The XML Editor appears to read UTF-8 encoded files correctly only for some well-knows file types like ‘*.xml’ or ‘*.xsl’ and fails for instance with ‘*.xsp’ files containing non-ASCII characters.
Example:
Use the XML Editor to create a small xml file, say ‘x1.xml’. Make sure it starts with a proper XML header line stating the encoding as UTF-8. Let it contain some non-ASCII characters like german umlauts (ä etc.). the XML Editor loads ans saves this file all right, and it’s eclipse properties show the text encoding as ‘Default (determined from content: UTF-8)’.
Next, copy and rename this file, e.g. to ‘x1.xsp’. Set the eclipse encoding manually to UTF-8. The eclipse text editor then loads and saves both files correctly.

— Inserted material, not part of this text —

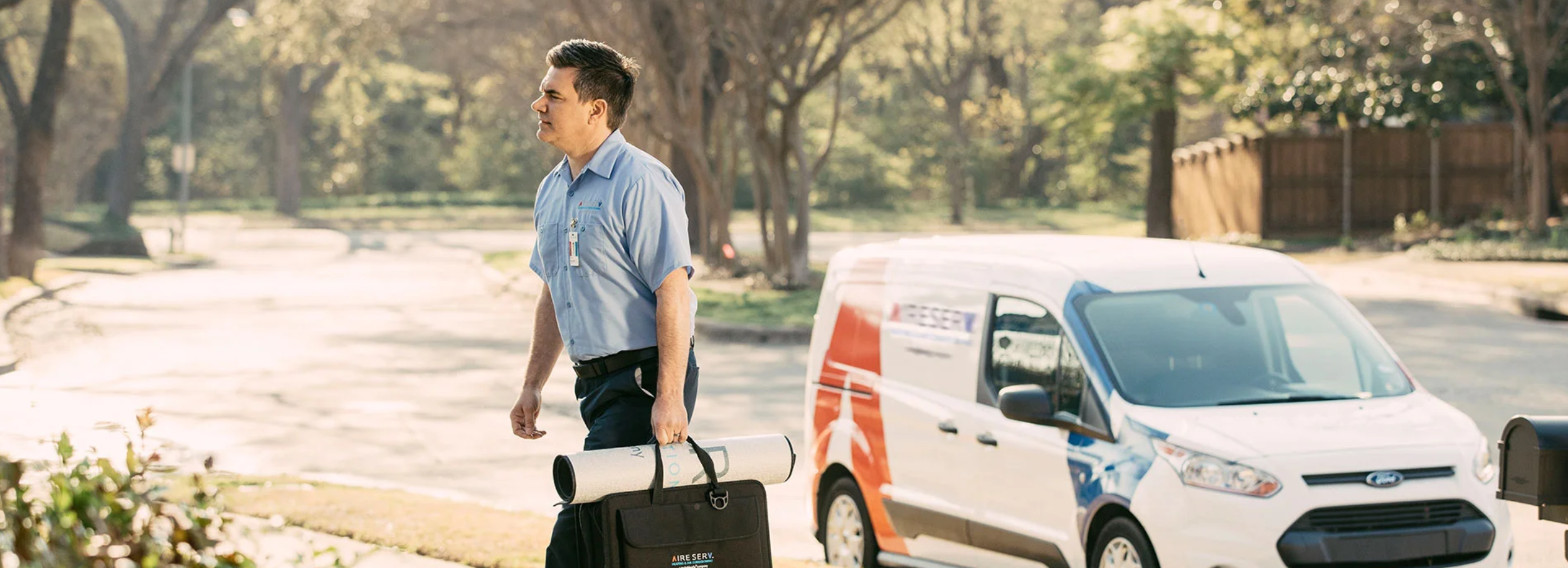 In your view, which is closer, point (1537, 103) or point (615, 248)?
point (615, 248)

The XML Editor, however, appears to LOAD the xsp file with the default platform encoding, resulting in multiple ISO characters for each former non-ASCII char, but SAVEs it in UTF-8 encoding, which in turn leads to even more garbage characters after subsequent save/load cycles.
The german ä (with ISO code 0xE4) is represented in UTF-8 as two bytes 0xC3 0xA4. After one load/save cycle, the XML Editor has transformed them into four bytes, 0xC3 0x83 0xC2 0xA4, after two cyles into 0xC3 0x83 0xC6 0x92 0xC3 0x82 0xC2 0xA4…